Avoiding the timebomb of corporate failures


    The Business Times, 8 September 2023


    THE abrupt and dramatic collapses of FTX, Silicon Valley Bank, Signature Bank and Credit Suisse have provoked questions of why they happened and whether they were foreseeable. Could investors, boards and regulators have detected signs of brewing trouble?

    While business failures are a fact of corporate life, there were common threads and red flags evident in many of these downfalls. Drawing upon these major collapses, we can distill three lessons:

    • Manage the risks inherent in spectacular business success.
    • Ensure accurate financial reporting.
    • Maintain an effective board.

    Balancing business and risk

    The right business model in the right market at the right time can culminate in spectacular business success. Several companies aiming for the stars have made history with their novel approaches and outstanding growth.

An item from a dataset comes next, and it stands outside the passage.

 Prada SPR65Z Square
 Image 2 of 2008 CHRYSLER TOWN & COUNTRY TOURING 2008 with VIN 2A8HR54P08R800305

However, when these ventures stumble, the scale of their downfall can be equally staggering.

    In retrospect, the extremely high leverage to buy and sell cryptocurrencies at FTX should have set alarm bells ringing. The failed crypto exchange was valued at US$32 billion (S$42 billion) at its peak.

    John Ray, the restructuring expert appointed to replace Sam Bankman-Fried as CEO of FTX, said in his court filings: “Never in my career have I seen such a complete failure of corporate controls and such a complete absence of trustworthy financial information,” in part because Bankman-Fried instituted a corporate culture of not keeping communications records.

    Boards have the dual role of performance and conformance. Thus, strategic planning and risk management should be integral to every board’s agenda.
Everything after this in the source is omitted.